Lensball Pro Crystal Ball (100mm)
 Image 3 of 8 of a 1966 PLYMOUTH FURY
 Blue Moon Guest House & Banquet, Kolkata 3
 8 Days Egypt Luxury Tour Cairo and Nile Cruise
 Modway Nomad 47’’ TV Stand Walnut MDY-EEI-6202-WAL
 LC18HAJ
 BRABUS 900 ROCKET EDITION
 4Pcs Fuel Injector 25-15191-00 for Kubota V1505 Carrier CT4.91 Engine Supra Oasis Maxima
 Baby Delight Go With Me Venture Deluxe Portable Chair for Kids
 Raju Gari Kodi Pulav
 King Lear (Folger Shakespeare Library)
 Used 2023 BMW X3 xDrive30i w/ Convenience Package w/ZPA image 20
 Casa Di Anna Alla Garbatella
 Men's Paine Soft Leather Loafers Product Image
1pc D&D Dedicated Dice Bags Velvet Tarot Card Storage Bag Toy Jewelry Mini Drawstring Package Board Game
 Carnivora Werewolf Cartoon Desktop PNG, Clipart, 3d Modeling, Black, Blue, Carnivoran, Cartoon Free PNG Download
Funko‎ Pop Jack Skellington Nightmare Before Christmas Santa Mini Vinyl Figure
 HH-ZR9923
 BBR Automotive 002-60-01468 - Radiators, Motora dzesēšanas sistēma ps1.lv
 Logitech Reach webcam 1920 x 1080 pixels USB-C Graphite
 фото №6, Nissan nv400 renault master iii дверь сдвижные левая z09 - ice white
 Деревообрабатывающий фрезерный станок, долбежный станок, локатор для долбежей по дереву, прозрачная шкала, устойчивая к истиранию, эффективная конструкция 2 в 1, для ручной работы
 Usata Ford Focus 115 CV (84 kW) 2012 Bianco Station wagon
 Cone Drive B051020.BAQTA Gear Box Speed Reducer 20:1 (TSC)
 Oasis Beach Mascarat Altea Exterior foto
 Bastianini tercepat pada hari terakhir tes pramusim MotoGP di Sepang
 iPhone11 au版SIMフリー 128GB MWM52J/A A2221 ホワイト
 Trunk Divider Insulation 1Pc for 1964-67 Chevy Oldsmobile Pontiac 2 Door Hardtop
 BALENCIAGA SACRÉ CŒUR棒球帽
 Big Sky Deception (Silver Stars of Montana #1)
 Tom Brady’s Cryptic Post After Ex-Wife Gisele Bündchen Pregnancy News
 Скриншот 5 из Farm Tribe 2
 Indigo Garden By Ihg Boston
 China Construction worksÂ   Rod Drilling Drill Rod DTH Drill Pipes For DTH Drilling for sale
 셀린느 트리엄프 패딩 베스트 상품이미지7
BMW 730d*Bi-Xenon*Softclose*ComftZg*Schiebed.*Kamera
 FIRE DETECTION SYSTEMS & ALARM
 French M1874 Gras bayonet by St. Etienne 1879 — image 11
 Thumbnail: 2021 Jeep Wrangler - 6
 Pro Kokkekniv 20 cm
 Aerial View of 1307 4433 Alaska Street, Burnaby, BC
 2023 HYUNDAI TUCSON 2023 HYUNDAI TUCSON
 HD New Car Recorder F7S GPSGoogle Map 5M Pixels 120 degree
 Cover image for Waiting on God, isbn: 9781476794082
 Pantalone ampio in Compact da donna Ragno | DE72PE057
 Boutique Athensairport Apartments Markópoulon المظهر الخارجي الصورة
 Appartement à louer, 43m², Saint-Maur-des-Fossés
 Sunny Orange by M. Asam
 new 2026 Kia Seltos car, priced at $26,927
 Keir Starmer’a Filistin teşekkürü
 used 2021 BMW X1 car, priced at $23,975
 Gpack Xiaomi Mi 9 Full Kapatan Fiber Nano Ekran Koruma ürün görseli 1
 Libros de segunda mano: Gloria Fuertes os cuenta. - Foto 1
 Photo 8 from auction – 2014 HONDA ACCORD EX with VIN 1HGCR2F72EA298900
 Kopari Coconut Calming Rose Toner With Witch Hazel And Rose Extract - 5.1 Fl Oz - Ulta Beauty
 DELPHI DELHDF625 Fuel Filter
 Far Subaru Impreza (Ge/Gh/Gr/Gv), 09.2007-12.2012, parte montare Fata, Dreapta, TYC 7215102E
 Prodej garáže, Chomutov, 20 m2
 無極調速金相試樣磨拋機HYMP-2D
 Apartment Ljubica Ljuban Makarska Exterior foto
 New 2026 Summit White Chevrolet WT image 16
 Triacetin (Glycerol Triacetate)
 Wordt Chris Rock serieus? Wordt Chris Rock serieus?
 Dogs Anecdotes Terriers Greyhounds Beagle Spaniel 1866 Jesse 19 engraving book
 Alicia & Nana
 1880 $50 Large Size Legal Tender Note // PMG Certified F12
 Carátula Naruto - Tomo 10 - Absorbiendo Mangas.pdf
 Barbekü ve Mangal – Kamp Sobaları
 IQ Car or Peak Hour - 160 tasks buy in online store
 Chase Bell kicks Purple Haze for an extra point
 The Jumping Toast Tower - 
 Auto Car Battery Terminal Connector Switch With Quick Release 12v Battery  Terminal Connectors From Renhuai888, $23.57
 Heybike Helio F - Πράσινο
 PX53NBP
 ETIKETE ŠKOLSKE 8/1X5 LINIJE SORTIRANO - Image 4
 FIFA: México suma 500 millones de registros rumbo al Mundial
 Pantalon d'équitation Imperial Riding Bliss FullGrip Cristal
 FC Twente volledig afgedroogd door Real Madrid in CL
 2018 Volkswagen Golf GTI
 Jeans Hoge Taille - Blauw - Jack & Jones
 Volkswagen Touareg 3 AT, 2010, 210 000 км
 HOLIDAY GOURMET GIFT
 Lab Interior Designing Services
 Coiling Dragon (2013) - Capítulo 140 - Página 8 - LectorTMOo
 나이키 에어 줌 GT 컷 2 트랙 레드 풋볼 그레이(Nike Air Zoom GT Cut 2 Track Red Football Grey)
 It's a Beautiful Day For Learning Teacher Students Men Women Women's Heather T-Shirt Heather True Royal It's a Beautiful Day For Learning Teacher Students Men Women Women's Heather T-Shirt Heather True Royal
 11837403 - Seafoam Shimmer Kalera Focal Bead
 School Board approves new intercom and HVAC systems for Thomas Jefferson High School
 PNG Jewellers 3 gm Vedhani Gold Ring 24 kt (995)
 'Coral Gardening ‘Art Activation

++++++++++

### [WORK TO COMPLETE]
Output every entry exactly as it appears.

### [TASK ANSWER]
Lensball Pro Crystal Ball (100mm)
 Image 3 of 8 of a 1966 PLYMOUTH FURY
 Blue Moon Guest House & Banquet, Kolkata 3
 8 Days Egypt Luxury Tour Cairo and Nile Cruise
 Modway Nomad 47’’ TV Stand Walnut MDY-EEI-6202-WAL
 LC18HAJ
 BRABUS 900 ROCKET EDITION
 4Pcs Fuel Injector 25-15191-00 for Kubota V1505 Carrier CT4.91 Engine Supra Oasis Maxima
 Baby Delight Go With Me Venture Deluxe Portable Chair for Kids
 Raju Gari Kodi Pulav
 King Lear (Folger Shakespeare Library)
 Used 2023 BMW X3 xDrive30i w/ Convenience Package w/ZPA image 20
 Casa Di Anna Alla Garbatella
 Men's Paine Soft Leather Loafers Product Image
1pc D&D Dedicated Dice Bags Velvet Tarot Card Storage Bag Toy Jewelry Mini Drawstring Package Board Game
 Carnivora Werewolf Cartoon Desktop PNG, Clipart, 3d Modeling, Black, Blue, Carnivoran, Cartoon Free PNG Download
Funko‎ Pop Jack Skellington Nightmare Before Christmas Santa Mini Vinyl Figure
 HH-ZR9923
 BBR Automotive 002-60-01468 - Radiators, Motora dzesēšanas sistēma ps1.lv
 Logitech Reach webcam 1920 x 1080 pixels USB-C Graphite
 фото №6, Nissan nv400 renault master iii дверь сдвижные левая z09 - ice white
 Деревообрабатывающий фрезерный станок, долбежный станок, локатор для долбежей по дереву, прозрачная шкала, устойчивая к истиранию, эффективная конструкция 2 в 1, для ручной работы
 Usata Ford Focus 115 CV (84 kW) 2012 Bianco Station wagon
 Cone Drive B051020.BAQTA Gear Box Speed Reducer 20:1 (TSC)
 Oasis Beach Mascarat Altea Exterior foto
 Bastianini tercepat pada hari terakhir tes pramusim MotoGP di Sepang
 iPhone11 au版SIMフリー 128GB MWM52J/A A2221 ホワイト
 Trunk Divider Insulation 1Pc for 1964-67 Chevy Oldsmobile Pontiac 2 Door Hardtop
 BALENCIAGA SACRÉ CŒUR棒球帽
 Big Sky Deception (Silver Stars of Montana #1)
 Tom Brady’s Cryptic Post After Ex-Wife Gisele Bündchen Pregnancy News
 Скриншот 5 из Farm Tribe 2
 Indigo Garden By Ihg Boston
 China Construction worksÂ   Rod Drilling Drill Rod DTH Drill Pipes For DTH Drilling for sale
 셀린느 트리엄프 패딩 베스트 상품이미지7
BMW 730d*Bi-Xenon*Softclose*ComftZg*Schiebed.*Kamera
 FIRE DETECTION SYSTEMS & ALARM
 French M1874 Gras bayonet by St. Etienne 1879 — image 11
 Thumbnail: 2021 Jeep Wrangler - 6
 Pro Kokkekniv 20 cm
 Aerial View of 1307 4433 Alaska Street, Burnaby, BC
 2023 HYUNDAI TUCSON 2023 HYUNDAI TUCSON
 HD New Car Recorder F7S GPSGoogle Map 5M Pixels 120 degree
 Cover image for Waiting on God, isbn: 9781476794082
 Pantalone ampio in Compact da donna Ragno | DE72PE057
 Boutique Athensairport Apartments Markópoulon المظهر الخارجي الصورة
 Appartement à louer, 43m², Saint-Maur-des-Fossés
 Sunny Orange by M. Asam
 new 2026 Kia Seltos car, priced at $26,927
 Keir Starmer’a Filistin teşekkürü
 used 2021 BMW X1 car, priced at $23,975
 Gpack Xiaomi Mi 9 Full Kapatan Fiber Nano Ekran Koruma ürün görseli 1
 Libros de segunda mano: Gloria Fuertes os cuenta. - Foto 1
 Photo 8 from auction – 2014 HONDA ACCORD EX with VIN 1HGCR2F72EA298900
 Kopari Coconut Calming Rose Toner With Witch Hazel And Rose Extract - 5.1 Fl Oz - Ulta Beauty
 DELPHI DELHDF625 Fuel Filter
 Far Subaru Impreza (Ge/Gh/Gr/Gv), 09.2007-12.2012, parte montare Fata, Dreapta, TYC 7215102E
 Prodej garáže, Chomutov, 20 m2
 無極調速金相試樣磨拋機HYMP-2D
 Apartment Ljubica Ljuban Makarska Exterior foto
 New 2026 Summit White Chevrolet WT image 16
 Triacetin (Glycerol Triacetate)
 Wordt Chris Rock serieus? Wordt Chris Rock serieus?
 Dogs Anecdotes Terriers Greyhounds Beagle Spaniel 1866 Jesse 19 engraving book
 Alicia & Nana
 1880 $50 Large Size Legal Tender Note // PMG Certified F12
 Carátula Naruto - Tomo 10 - Absorbiendo Mangas.pdf
 Barbekü ve Mangal – Kamp Sobaları
 IQ Car or Peak Hour - 160 tasks buy in online store
 Chase Bell kicks Purple Haze for an extra point
 The Jumping Toast Tower - 
 Auto Car Battery Terminal Connector Switch With Quick Release 12v Battery  Terminal Connectors From Renhuai888, $23.57
 Heybike Helio F - Πράσινο
 PX53NBP
 ETIKETE ŠKOLSKE 8/1X5 LINIJE SORTIRANO - Image 4
 FIFA: México suma 500 millones de registros rumbo al Mundial
 Pantalon d'équitation Imperial Riding Bliss FullGrip Cristal
 FC Twente volledig afgedroogd door Real Madrid in CL
 2018 Volkswagen Golf GTI
 Jeans Hoge Taille - Blauw - Jack & Jones
 Volkswagen Touareg 3 AT, 2010, 210 000 км
 HOLIDAY GOURMET GIFT
 Lab Interior Designing Services
 Coiling Dragon (2013) - Capítulo 140 - Página 8 - LectorTMOo
 나이키 에어 줌 GT 컷 2 트랙 레드 풋볼 그레이(Nike Air Zoom GT Cut 2 Track Red Football Grey)
 It's a Beautiful Day For Learning Teacher Students Men Women Women's Heather T-Shirt Heather True Royal It's a Beautiful Day For Learning Teacher Students Men Women Women's Heather T-Shirt Heather True Royal
 11837403 - Seafoam Shimmer Kalera Focal Bead
 School Board approves new intercom and HVAC systems for Thomas Jefferson High School
 PNG Jewellers 3 gm Vedhani Gold Ring 24 kt (995)
 'Coral Gardening ‘Art Activation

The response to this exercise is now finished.